Document Type

Journal Article

Publication Title

Frontiers in Oncology




Frontiers Media S.A.


Centre for Precision Health




Brown, L. J., Khou, V., Brown, C., Alexander, M., Jayamanne, D., Wei, J., . . . Kong (2024). First-line chemoimmunotherapy and immunotherapy in patients with non-small cell lung cancer and brain metastases: A registry study. Frontiers in Oncology, 14, article 1305720.

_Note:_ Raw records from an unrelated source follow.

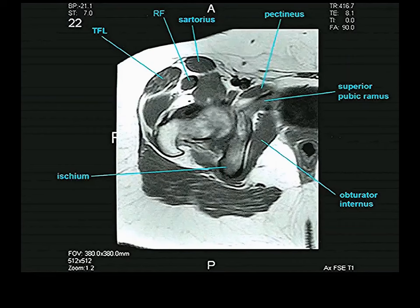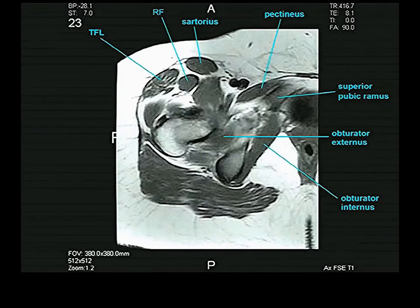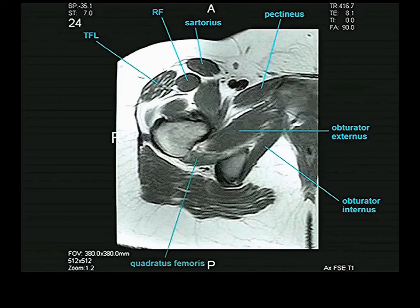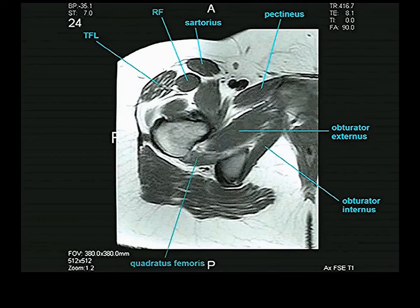The adductors are very hard to identify — you need to go back and forth to start identifying them. There is a muscle arising from the inner aspect of the ischiopubic ramus that sends its tendon around the back to the trochanteric fossa — that's the obturator internus. The obturator externus arises from the outer aspect of the ischiopubic ramus and sends its tendon to the trochanteric fossa. Both arise from opposite surfaces of the obturator membrane.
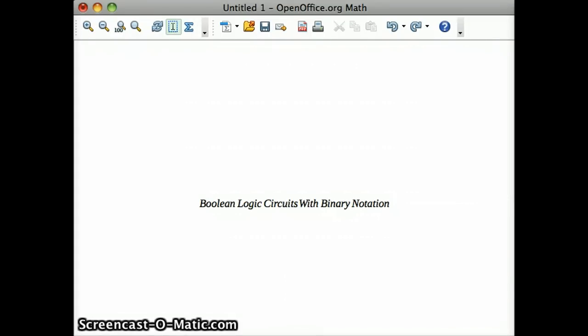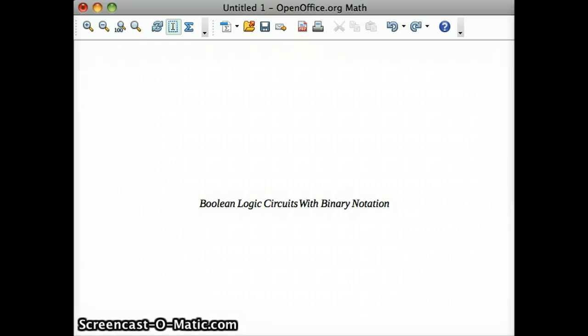Hey everyone, this is the first video in a series of videos that's going to be explaining, in layman's terms, Boolean logic circuits with binary notation. And I promise that's going to be the only non-layman speak I'll give you.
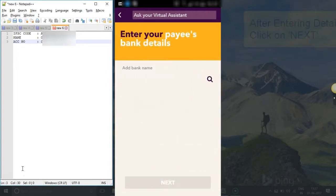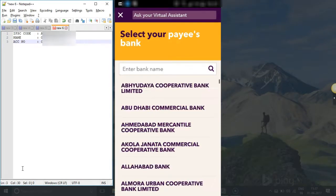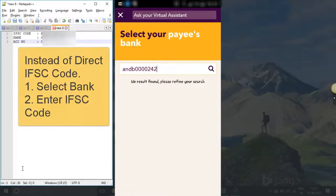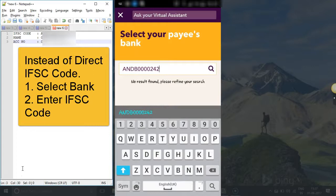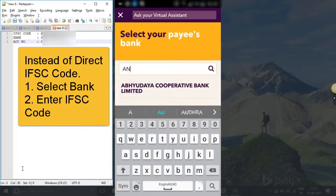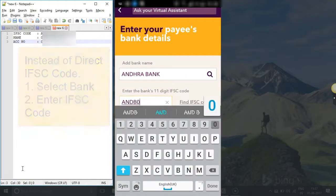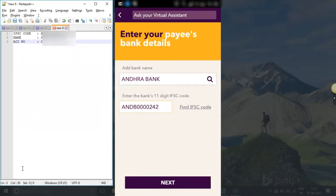Just click next. Now you have to add banking details — here you have to give the IFSC code. Select which bank and then provide the IFSC code.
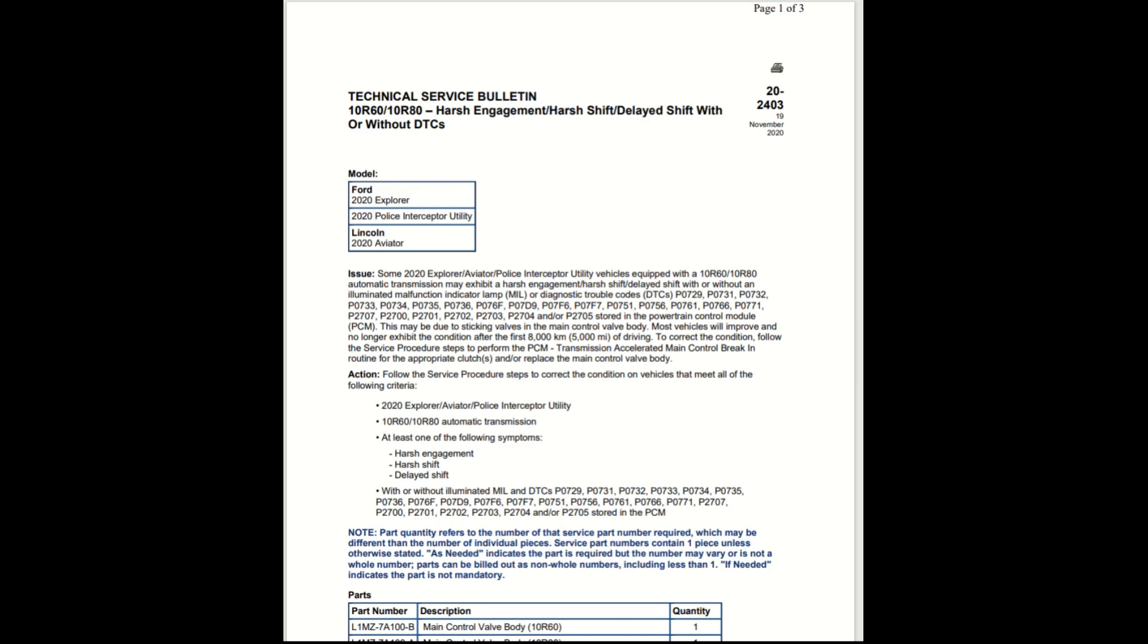These are the P0729, P0731, 732, 733, 734, 735, 736, and the 076F. It goes on and on. I'm not going to get into all that. The P2705 stored in the powertrain control module PCM. This may be due to sticking valves in the main control valve body.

Introduction: Brain metastases commonly occur in patients with non-small cell lung cancer (NSCLC). Standard first-line treatment for NSCLC, without an EGFR, ALK or ROS1 mutation, is either chemoimmunotherapy or anti-PD-1 monotherapy. Traditionally, patients with symptomatic or untreated brain metastases were excluded from the pivotal clinical trials that established first-line treatment recommendations. The intracranial effectiveness of these treatment protocols has only recently been elucidated in small-scale prospective trials. Methods: Patients with NSCLC and brain metastases, treated with first-line chemoimmunotherapy or anti-PD-1 monotherapy were selected from the Australian Registry and biObank of thoracic cancers (AURORA) clinical database covering seven institutions. The primary outcome was a composite time-to-event (TTE) outcome, including extracranial and intracranial progression, death, or need for local intracranial therapy, which served as a surrogate for disease progression. The secondary outcome included overall survival (OS), intracranial objective response rate (iORR) and objective response rate (ORR). Results: 116 patients were included. 63% received combination chemoimmunotherapy and 37% received anti-PD-1 monotherapy. 69% of patients received upfront local therapy either with surgery, radiotherapy or both. The median TTE was 7.1 months (95% CI 5 - 9) with extracranial progression being the most common progression event. Neither type of systemic therapy or upfront local therapy were predictive of TTE in a multivariate analysis. The median OS was 17 months (95% CI 13-27). Treatment with chemoimmunotherapy was predictive of longer OS in multivariate analysis (HR 0.35; 95% CI 0.14 – 0.86; p=0.01). The iORR was 46.6%. The iORR was higher in patients treated with chemoimmunotherapy compared to immunotherapy (58% versus 31%, p=0.01). The use of chemoimmunotherapy being predictive of iORR in a multivariate analysis (OR 2.88; 95% CI 1.68 - 9.98; p=0.04). Conclusion: The results of this study of real-world data demonstrate the promising intracranial efficacy of chemoimmunotherapy in the first-line setting, potentially surpassing that of immunotherapy alone. No demonstrable difference in survival or TTE was seen between receipt of upfront local therapy. Prospective studies are required to assist clinical decision making regarding optimal sequencing of local and systemic therapies.